Skype CIO Apologizes for Outage: Lessons for VARs and MSPs in the Cloud
When a cloud service goes dark, somebody has to step up to the microphone, apologize, explain what went wrong, and describe how similar outages will be avoided in the future. Such was the case this week for Skype CIO Lars Rabbe, who has posted a blog entry describing Skype’s recent outage and corrective measures. But there’s a bigger issue looming for VARs, managed services providers (MSPs) and cloud integrators: Can you really trust a single cloud service provider for mission-critical offerings like VoIP? Or do channel partners need to hedge their bets?
Of course, TalkinCloud needs to point out that Skype isn’t a traditional cloud platform. Instead, Skype leverages a peer-to-peer design. In a December 29 post, Rabbe wrote: “Last week, the P2P network became unstable and suffered a critical failure.

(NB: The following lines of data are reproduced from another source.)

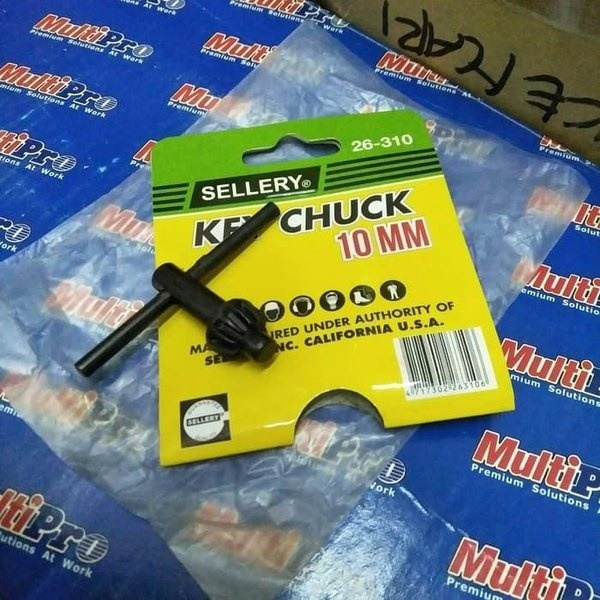 Sellery 26-310 Kunci Kepala Mesin Bor 10 mm Key Chuck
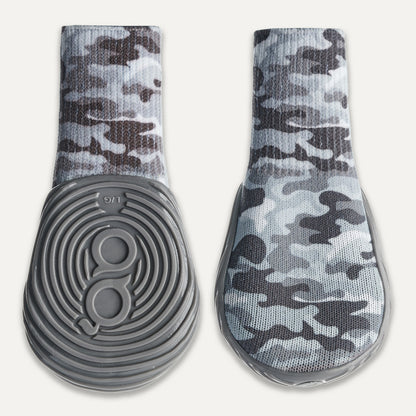 Goo-eez Dog Boots Ultras 2 Per Pack XS Camo/Grey
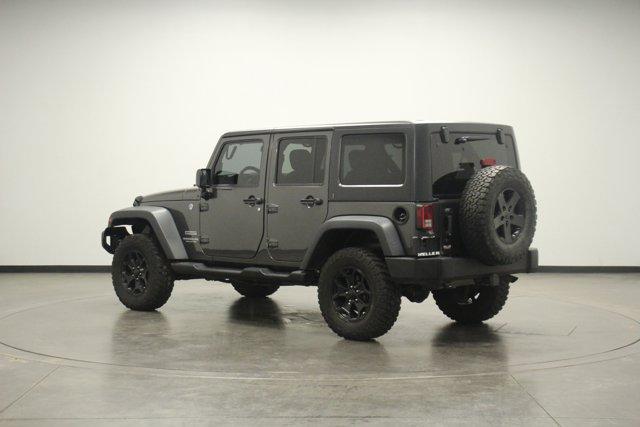 used 2014 Jeep Wrangler Unlimited car, priced at $18,962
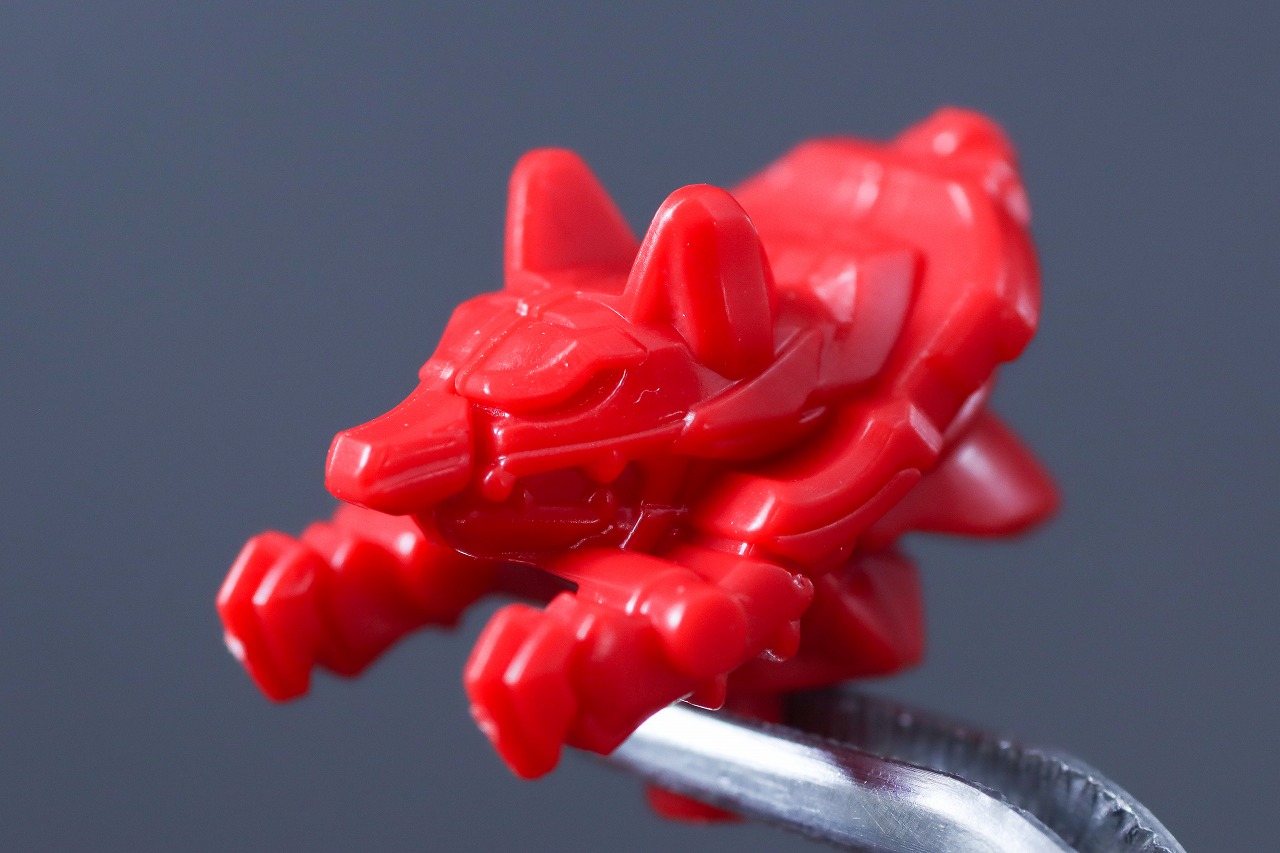 勇動　ナンバーワン戦隊ゴジュウジャー　レビュー　付属品　ウルフデカリバー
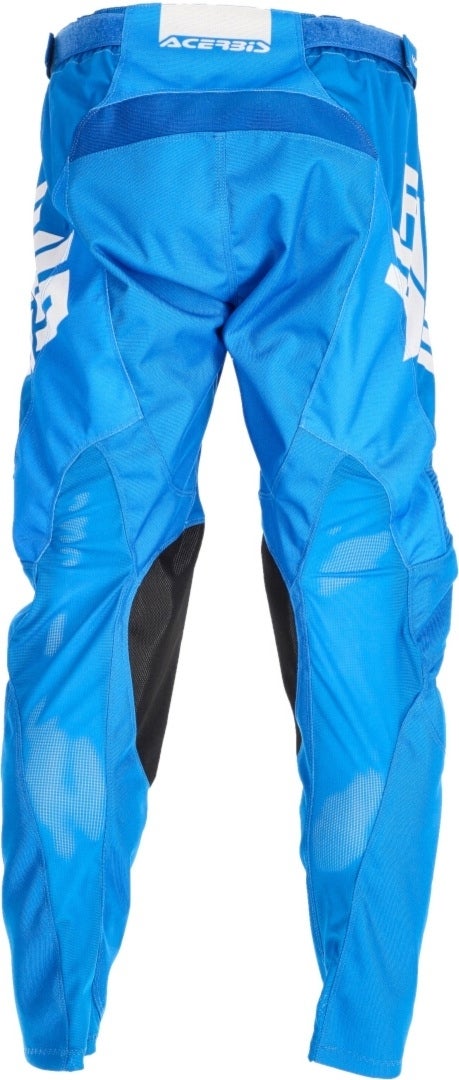 Acerbis MX Track Motocross bukser blå 30 Figur 3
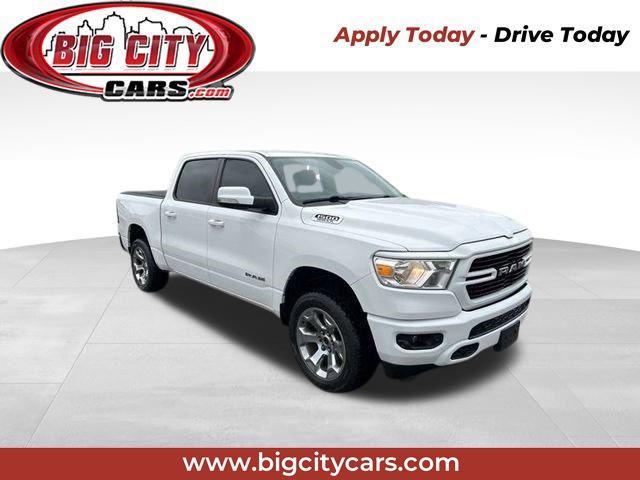 used 2019 Ram 1500 car, priced at $23,282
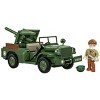 COBI Historical Collection WWII 37mm GMC M6 FARGO Armored Vehicle - 2 of 4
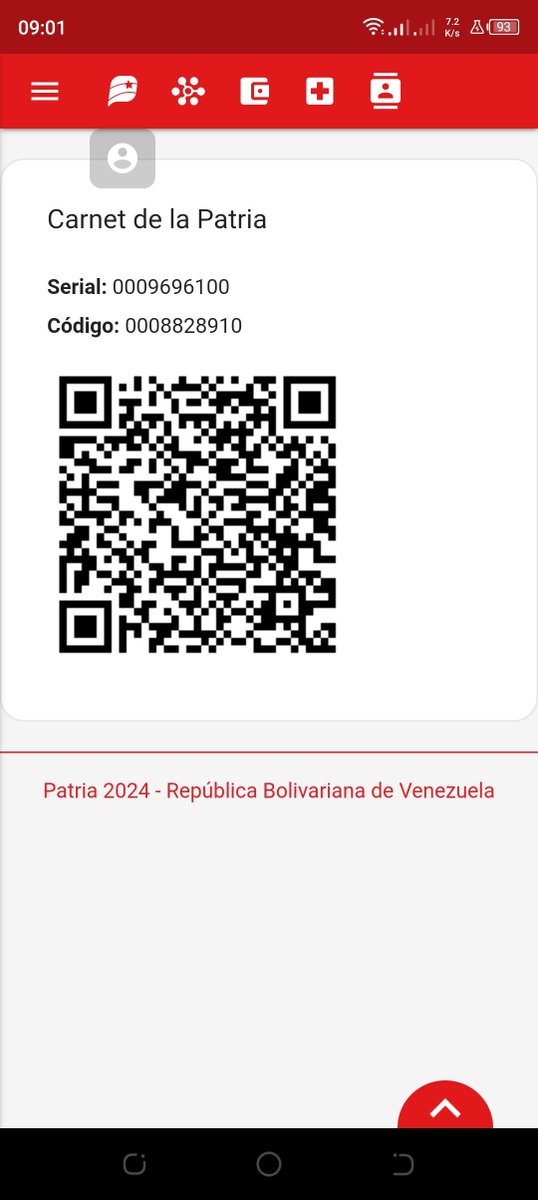 CalosRea's tweet photo. @MSVEnLinea @CarnetDLaPatria @MSVSocial @veQRSocial @NicolasMaduro @PresidencialVen @ViceVenezuela @Mippcivzla @VTVcanal8 @FannyTV2025 @LuisDigitalTV @MSVEnLinea @MSVSocial @veQRSocial desde puerto cabello estado Carabobo https://t.co/zGNmqM15pJ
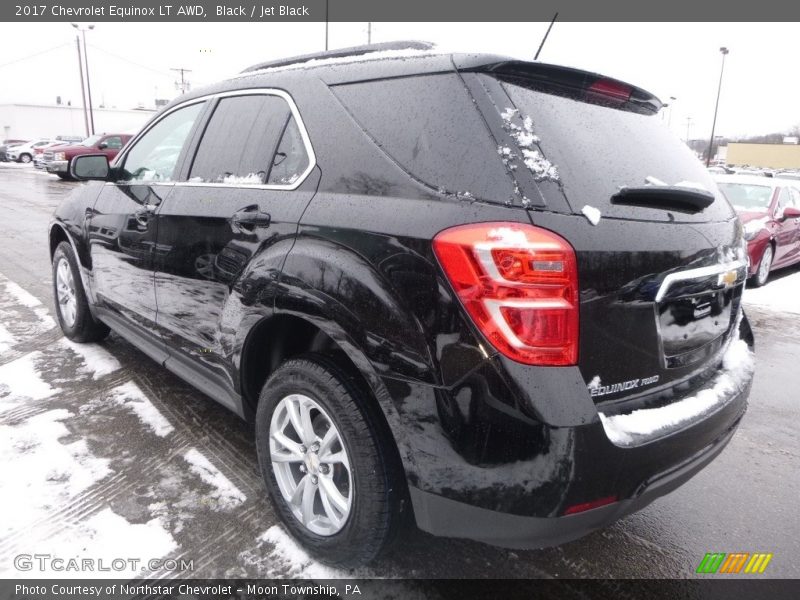 Black / Jet Black 2017 Chevrolet Equinox LT AWD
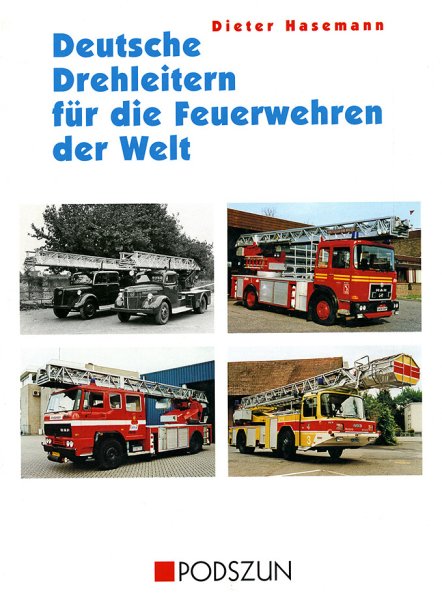 Deutsche Drehleitern für die Feuerwehren der Welt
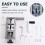 Wire Stripping Machine Wire Stripping Tool 1-21mm Cable Electric Peeling Machine Automatic Wire Stripper Cable 3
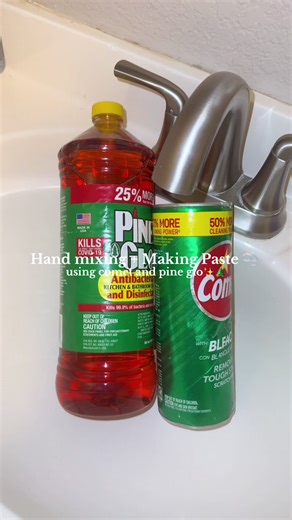 Making Comet and Pineglo Paste for the First Time
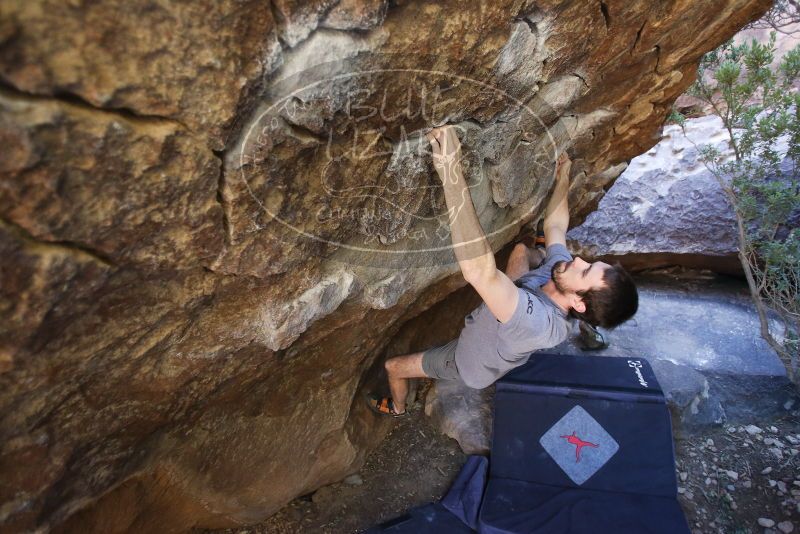 Bouldering in Hueco Tanks on 12/14/2019 with Blue Lizard Climbing and Yoga

Filename: SRM_20191214_1534330.jpg
Aperture: f/2.8
Shutter Speed: 1/250
Body: Canon EOS-1D Mark II
Lens: Canon EF 16-35mm f/2.8 L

The failure lasted approximately 24 hours from December 22, 0800 PST/1600 GMT to December 23, 0800 PST/1600 GMT.”
Rabbe goes on to describe what caused the failure (basically, a bug in Skype for Windows client version 5.0.0152), recovery measures and a four-step process that aims to prevent similar outages in the future. The four-step effort, word for word from Rabbe, involves:
- First, we will continue to examine our software for potential issues, and provide ‘hotfixes’ where appropriate, for download or automatic delivery to our users. Since a bug was identified in Skype for Windows (version 5.0.0.152), we had provided a fix to v5.0 of our Windows software prior to the incident, and we will provide further updates for download this week. We will also be reviewing our processes for providing ‘automatic’ updates to our users so that we can help keep everyone on the latest Skype software. We believe these measures will reduce the possibility of this type of failure occurring again.
- Second, we are learning the lessons we can from this incident and reviewing our processes and procedures, looking in particular for ways in which we can detect problems more quickly to potentially avoid such outages altogether, and ways to recover the system more rapidly after a failure.
- Third, while our Windows v5 software release was subject to extensive internal testing and months of Beta testing with hundreds of thousands of users, we will be reviewing our testing processes to determine better ways of detecting and avoiding bugs which could affect the system.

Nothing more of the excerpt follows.